Wednesday, June 8, 2011

Putting Our Heart and Hopes on the Line

As we begin the process of adopting through Open Adoption & Family Services, I am struck by how much paperwork we need to fill out again.  I thought there was a lot to fill out for the State but there is more it seems for OA&FS.  I think this is mainly because we are in a way "selling" ourselves to the prospective birth parents and need to open ourselves up on paper.  In addition to the background check forms, the fingerprints, the financial information, the health information, and the basics about who we are, we have to fill out more in depth forms.

One form requires that we describe what experiences, opportunities and values we plan to offer our child. I do not know many parents who ever had to sit down and think of all that they planned to offer their child and write it in a way that captures the attention and heart of another. We have to describe our child care plans and why openness in adoption appeals to us. The thought and care it takes to write all this out, the effort to show your heart and really think about all these things in the hopes that the woman reading it chooses you as the adoptive family for her child, is very difficult.

We both are also required to write a 2-4 page autobiography that includes; childhood upbringing, family dynamics, education and career path, special skills, interests, passions, any chronic or serious health concerns, faith, values, greatest satisfactions/disappointments, etc.   Have any of you ever tried to sum up all of who you are, your entire life and experiences into a mere 4 pages?  If not then you have no idea how amazingly hard it is to condense all of who you are into so small a space. And it all must be done in a way that captures the attention of the reader and makes them see that you would be a great parent for their child.

 Then, there will eventually be the task of writing the "Dear Birthmother" letter. I both look forward to that and dread it.  We will be putting our hearts on the line and opening ourselves up, heart and soul, to women that hold the power of giving us a child or turning us away.  That thought is very scary to me and I worry that these women will take one look at who we are and decide we are not good enough.  I fear that they will trample on our hearts and that precious gift of a child will  never be mine to receive.

I realize that this fear may be irrational and unfounded, but it remains just the same. It has not lessoned my hope in any way and I am still excited about moving forward and doing all we can to become the family I have seen in my dreams.  The fear has not immobilized me or caused me to lose faith, but is there just the same and is something I have to deal with everyday as we move forward towards our goal.

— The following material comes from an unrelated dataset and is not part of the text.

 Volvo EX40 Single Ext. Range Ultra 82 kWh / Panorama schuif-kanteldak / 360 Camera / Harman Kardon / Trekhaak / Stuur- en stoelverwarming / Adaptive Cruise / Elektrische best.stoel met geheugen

Even through this difficult and trying process, I am reminded of Gods promises and His love. I know I have nothing to fear as God is always with me and guiding me through it all. I rely on His strength to carry me through. This verse gives me hope and strength to carry on even when I feel like it is hopeless to continue:

So do not fear, for I am with you; do not be dismayed for I am your God. I will strengthen you and help you; I will uphold you with my righteous right hand. Isaiah 41:10

Yes, I admit to still feeling that fear, I admit to feeling at times like I can not continue, like I will break.  But, in the midst of that fear, God reminds me that He is still there for me and always will be.  His love endures and His plans are perfect. I will wait on Him and I know He will not forsake me.